■ WHAT THE TASK ASKS: Copy each entry precisely as written, and do not carry over the pictures.
- Opening Delimiter -
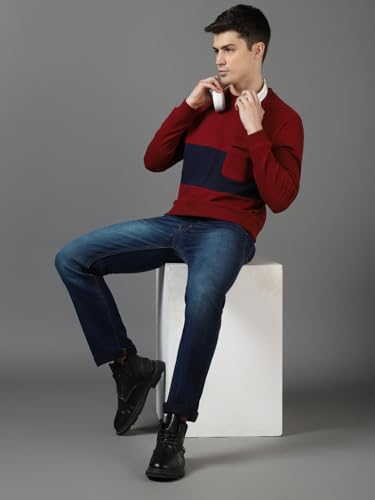Image of Urbano Fashion Men's Cotton Color Block Sweatshirt
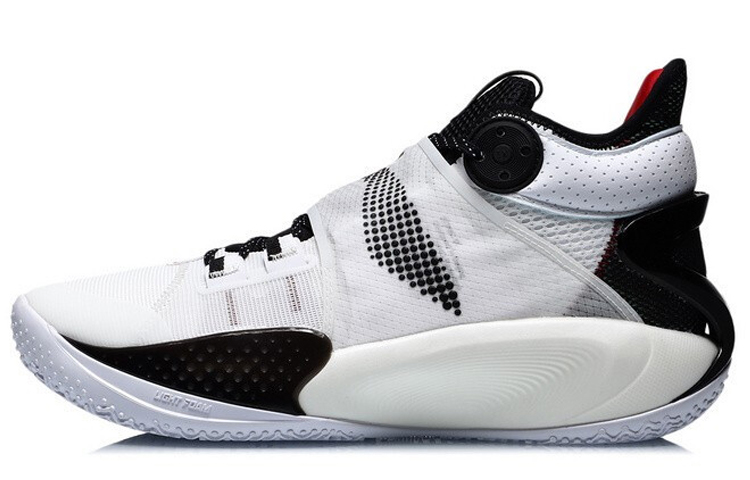 Li Ning SONIC 9 Cushioning Slip Resistant Mid top Basketball Shoes Unisex White PE Sponsor Edition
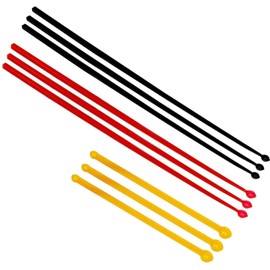 3er Set Mikro Dosierlöffel, mg Messlöffel, MICRO SCOOP (schwarz, rot, orange je 3 Messlöffel), antistatisch, BPA-frei - für das exakte Dosieren kleinster Mengen von Pulverprodukten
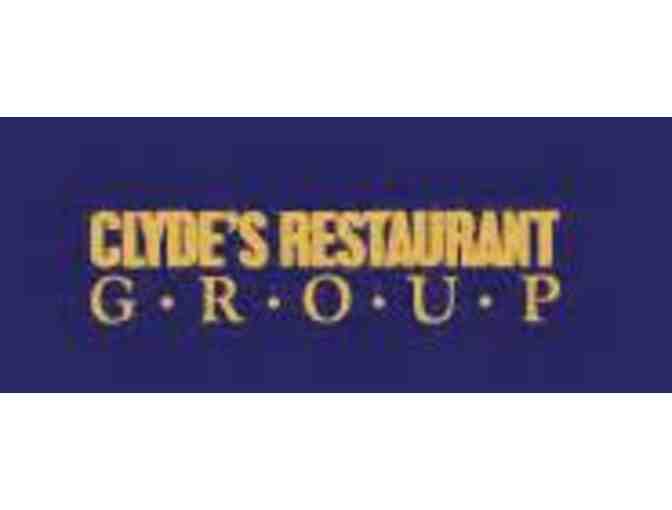 $100.00 voucher to Clyde's Restaurant Group, DC, VA, MD.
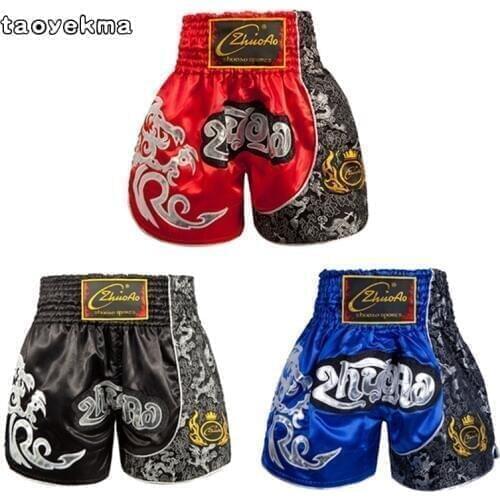 MMA kickboxing Fight Grappling Short Shorts Tiger Muay Thai Boxing Shorts Mma Sanda Cheap Clothes Boxing Trousers Print Shorts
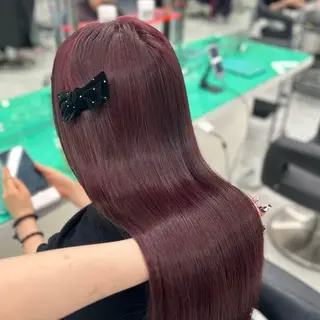 ミディアム カラー 🎀🧁ダメージレス 艶髪カラー🧁🎀のヘアスタイル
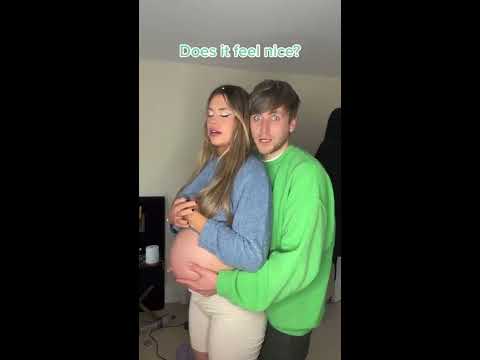 Trying This Trend At 35 Weeks Pregnant Shorts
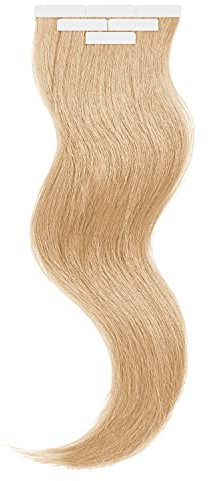 Tape In Extensions 60 cm Virgin Echthaar 10er Set Mittelblond
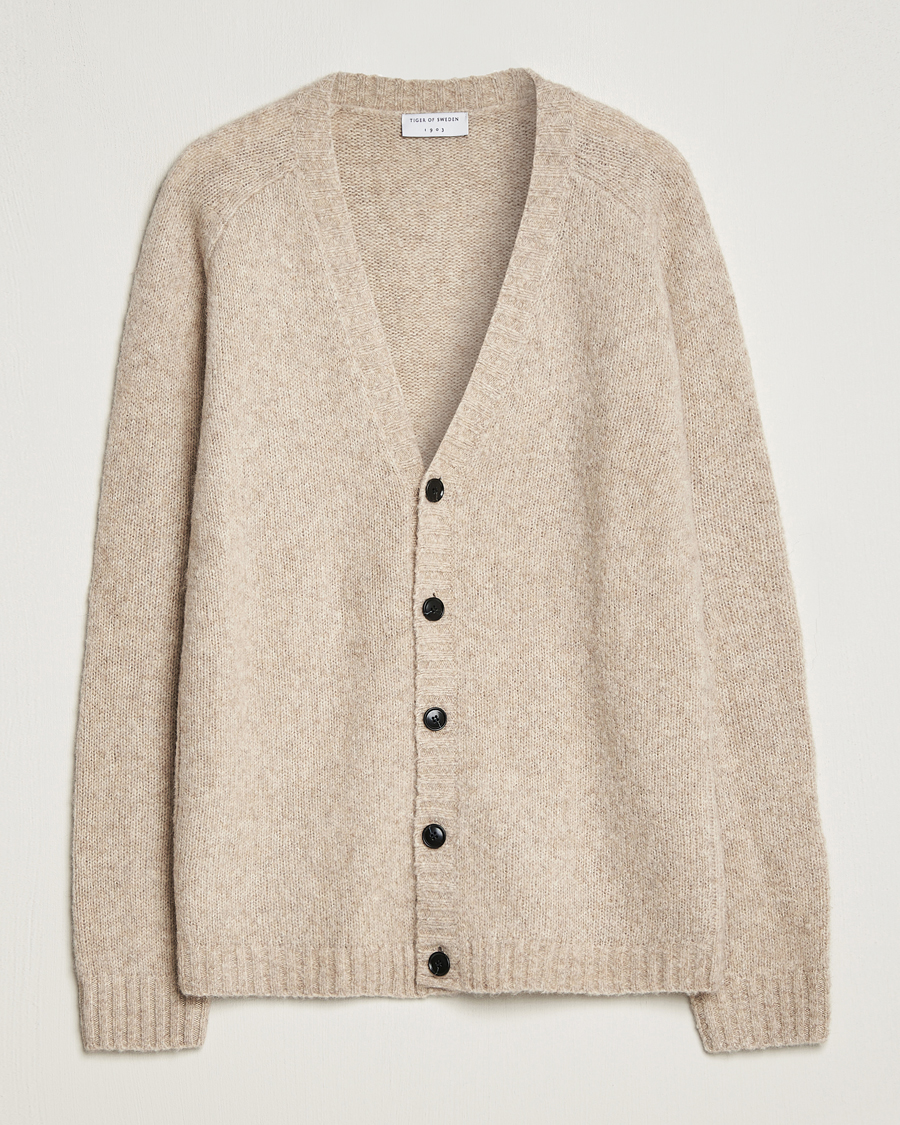 Herr | Tröjor | Tiger of Sweden | Burris Cardigan Dry Sand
- Closing Delimiter -
■ TASK ANSWER:
Image of Urbano Fashion Men's Cotton Color Block Sweatshirt
 Li Ning SONIC 9 Cushioning Slip Resistant Mid top Basketball Shoes Unisex White PE Sponsor Edition
 3er Set Mikro Dosierlöffel, mg Messlöffel, MICRO SCOOP (schwarz, rot, orange je 3 Messlöffel), antistatisch, BPA-frei - für das exakte Dosieren kleinster Mengen von Pulverprodukten
 $100.00 voucher to Clyde's Restaurant Group, DC, VA, MD.
 MMA kickboxing Fight Grappling Short Shorts Tiger Muay Thai Boxing Shorts Mma Sanda Cheap Clothes Boxing Trousers Print Shorts
 ミディアム カラー 🎀🧁ダメージレス 艶髪カラー🧁🎀のヘアスタイル
 Trying This Trend At 35 Weeks Pregnant Shorts
 Tape In Extensions 60 cm Virgin Echthaar 10er Set Mittelblond
 Herr | Tröjor | Tiger of Sweden | Burris Cardigan Dry Sand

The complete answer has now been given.